The paper's core move is to replace the single fidelity number with a classical function of the entire bit-string histogram from the same circuit. They call this the Hamming quantum kernel and test it on MNIST plus synthetic quantum data from 2 to 27 qubits. In the reported runs it beats the fidelity kernel once the system hits 15 qubits and also beats a classical Gaussian kernel on the quantum-generated data. That is the concrete result: same quantum resources, different classical post-processing, better scaling in simulation.

The approach is straightforward and does not claim new quantum hardware. The simulations reach 27 qubits, which is larger than most fidelity-kernel papers manage before concentration kills performance. If the numbers hold up with proper error bars and preprocessing details, the construction is worth knowing about for anyone trying to push quantum kernels past small systems.

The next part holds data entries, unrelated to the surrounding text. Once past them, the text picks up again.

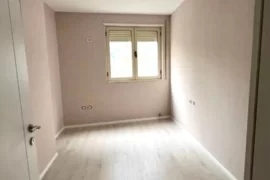 Apartament ne shitje, Verkauf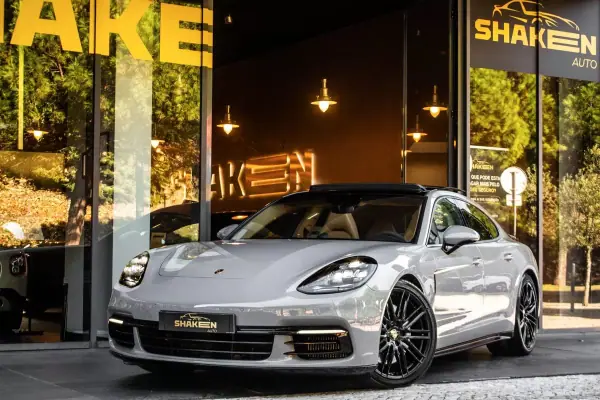 Porsche Panamera 4 E-Hybrid 2020 Híbrido Plug-In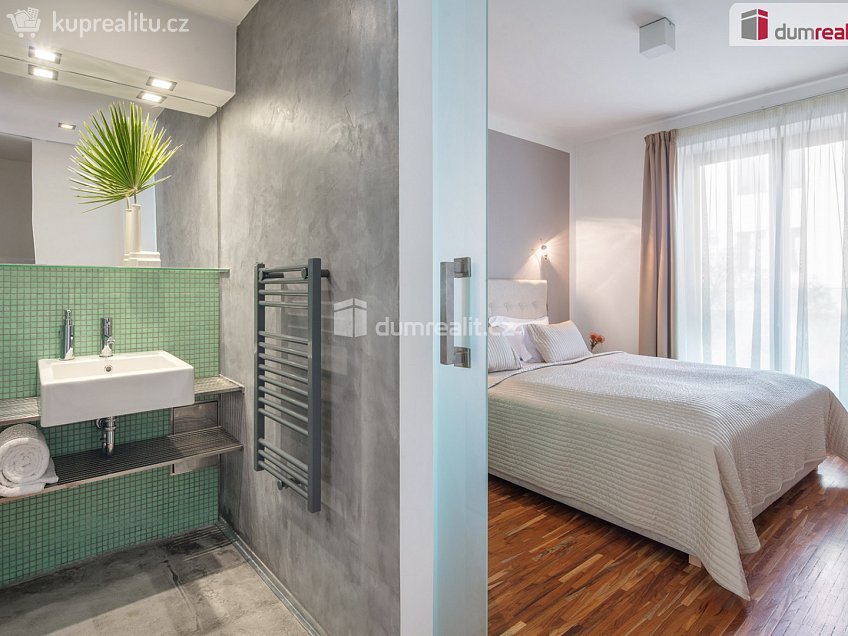 Pronájem bytu 2+kk 45 m^2 Holečkova, Praha 5 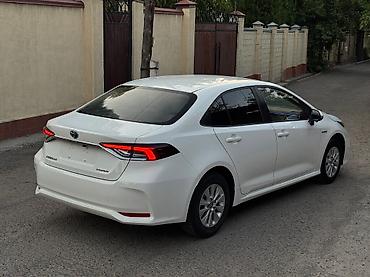 11600: Toyota Corolla: 2020 г., 1.8 л, Вариатор, Гибрид, Седан — 5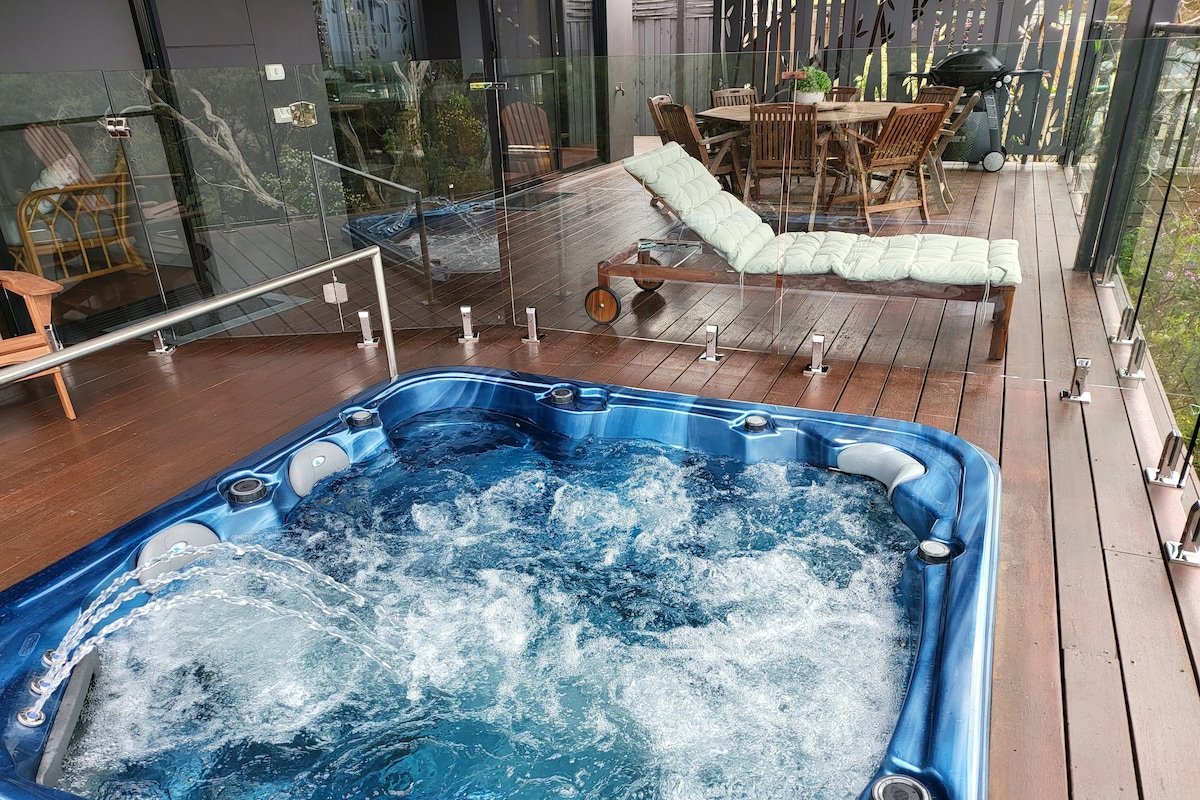 Alogara House, Modern, 6 bedrooms, hot tub & views gallery image 3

The obvious gap is positive semi-definiteness. Fidelity kernels inherit it from the inner-product definition; nothing in the abstract shows the Hamming version is guaranteed to produce a PSD Gram matrix. If any reported kernel matrix has negative eigenvalues, the SVM quadratic program is no longer convex and the accuracy figures rest on an ill-posed solver. The abstract is also silent on exact kernel formula, hyperparameter search, data preprocessing, and statistical significance. Those are fixable but they matter for the claim.

This is for people already working on quantum kernel methods who want a concrete alternative to fidelity. It is not yet a finished result, but the scaling observation is real enough that a serious referee should see the full manuscript and check the PSD issue directly. I would send it to review.

Referee Report

2 major / 2 minor

Summary. The paper introduces the Hamming quantum kernel as a classical post-processing of the full measurement statistics from the same quantum circuits used for the fidelity quantum kernel. It claims this avoids exponential concentration, enabling scalable SVM classification. Simulations on MNIST (classical data) and synthetic quantum-generated data for 2–27 qubits show the Hamming kernel outperforming the fidelity kernel for ≥15 qubits and the classical Gaussian kernel on quantum data, without additional quantum resources.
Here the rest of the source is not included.